The
hackers were questioning whether Barlow’s utopian rhetoric about
cyberspace might really be a convenient camouflage hiding the
emergence of a new and growing power that was way beyond politics
We could say
that the latest film of Adam Curtis, HyperNormalisation, is an
update of some of his previous films, which is enriched with the most
recent global events and developments. The new film presents also
interesting stories about some key figures in the development of
cybernetics and the modern perception of non-linear politics.
A special
"chapter" describes an interesting story concerning the
idea of independent cyberspace and how some hackers managed to prove
that this was only a kind of illusion.
One of the
leading exponents of the idea that cyberspace could be a place where
we would be liberated from the old, corrupt hierarchies of politics
and power and explore new ways of being, was John Perry Barlow.
In the ’60s,
Barlow had written songs for the Grateful Dead and been part of the
acid counterculture. In the 90s, he organised what he called
“cyberthons”, to try and bring the cyberspace movement together.
Barlow then
wrote a manifesto that he called A Declaration of the Independence of Cyberspace. It was
addressed to all politicians, telling them to keep out of this new
world. It was going to be incredibly influential, because what Barlow
did was give a powerful picture of the internet not as a network
controlled by giant corporations, but, instead, as a kind of magical,
free place. An alternative to the old systems of power. It was a
vision that would come to dominate the internet over the next 20
years.
But two
young hackers in New York thought that Barlow was describing a
fantasy world, that his vision bore no relationship at all to what
was really emerging online. They were cult figures on the early
online scene and their fans followed and recorded them. They called
themselves Phiber Optik
and Acid Phreak and they
spent their time exploring and breaking in to giant computer networks
that they knew were the hard realities of modern digital power.
In a
notorious public debate online, the two hackers attacked Barlow. What
infuriated them most, was Barlow's insistence that there was no
hierarchy, or, controlling powers in the new cyber world. The hackers
set out to demonstrate that he was wrong.
Acid Phreak
hacked into the computers of a giant corporation called TRW. TRW had
originally built the systems that ran the Cold War for the US
military. They had helped create the delicate balance of terror.
Now, TRW had
adapted their computers to run a new system, that of credit and debt.

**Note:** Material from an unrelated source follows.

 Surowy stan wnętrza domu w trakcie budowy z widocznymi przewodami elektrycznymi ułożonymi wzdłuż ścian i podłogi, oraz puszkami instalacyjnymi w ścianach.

Their computers gathered up the credit data of millions of Americans
and were being used by the banks to decide individuals’ credit
ratings. The hackers broke into the TRW network, stole Barlow’s
credit history and published it online. The hackers were
demonstrating the growing power of finance. How the companies that
ran the new systems of credit knew more and more about you, and,
increasingly, used that information to control your destiny.
But the
system that was allowing this to happen were the new giant networks
of information connected through computer servers. The hackers were
questioning whether Barlow’s utopian rhetoric about cyberspace
might really be a convenient camouflage hiding the emergence of a new
and growing power that was way beyond politics.